ORANG TAKUT MATI KARENA DIA TIDAK TAHU KE MANA AKAN PERGI SESUDAH MATI, DAN TIDAK TAHU BAHWA JIWA ITU KEKAL. TIDAK TAHU PULA KEADAAN DIHARI KEMUDIAN. ORANG YANG DEMIKIAN, PADA HAKIKATNYA BUKANLAH TAKUT MATI, TETAPI TIDAK TAHU BARANG YANG MESTI DIKETAHUI. YANG MENIMBULKAN TAKUT ORANG YANG BODOH, BAGI PARA CERDIK PANDAI MENDORONG MENGHABISKAN UMURNYA MENUNTUT ILMU. PARA CERDIK PANDAI TIDAK PEDULI KEPAYAHAN JASMANI UNTUK MENUNTUT KEMULIAAN ROHANI. MEREKA LEBIH SUKA BERTANGGANG. MEREKA KADANG TIDAK TIDUR SAMPAI LARUT MALAM KARENA MEMIKIR HIKMAH ATAS KEHAUSAN ILMU YANG INGIN DIPEROLEH. MEREKA BERKEYAKINAN BAHWA KESENANGAN SEJATI DI DALAM KEHIDUPAN IALAH TERLEPAS DARI KEBODOHAN, KEBODOHAN YANG MEMBELENGGU DIRI YANG HANYA MENGARAHKAN KEPADA KEBURUKAN BERFIKIR DAN PERILAKU DALAM MENJALANKAN KEHIDUPAN

Kondisi yang disebutkan oleh Hamka tadi lantas akan berimbas pada diri sendiri, sehingga kurang menjadi manusia yang seperti yang diinginkan oleh Islam yakni menjadi khilafah di muka bumi dengan menebarkan kasih dan sayang Islam ke seluruh alam semesta dengan kualitas iman, ilmu, dan amal yang dapat dimiliki. Mereka berkeyakinan bahwa kesenangan sejati di dalam kehidupan ialah terlepas dari kebodohan, terlepas dari kebingungan menilik rahasia alam. Kepayahan yang larut menimpa jiwa. Obatnya ialah mempelajari ilmu, itulah kelezatan sejati dan kesenangan abadi. Tatkala para cerdik pandai mengetahui bahwa kesempurnaan jiwa ialah dengan ilmu, dan kesengsaraan ialah karena kebodohan, serta di pikiran mereka pula bahwa ilmu itu adalah obat dalam jiwa manusia dan kebodohan adalah penyakit.
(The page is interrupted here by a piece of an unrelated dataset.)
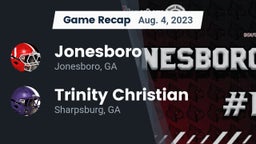 Recap: Jonesboro  vs. Trinity Christian  2023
Karena hanyalah  manusia yang berilmu yang akan mampu meningkatkan ketakwaan seorang hamba terhadap Tuhan-Nya untuk mengemban amanah sebagai khalifah di muka bumi yang secara spesial membedakan manusia dengan makhluk lainnya. 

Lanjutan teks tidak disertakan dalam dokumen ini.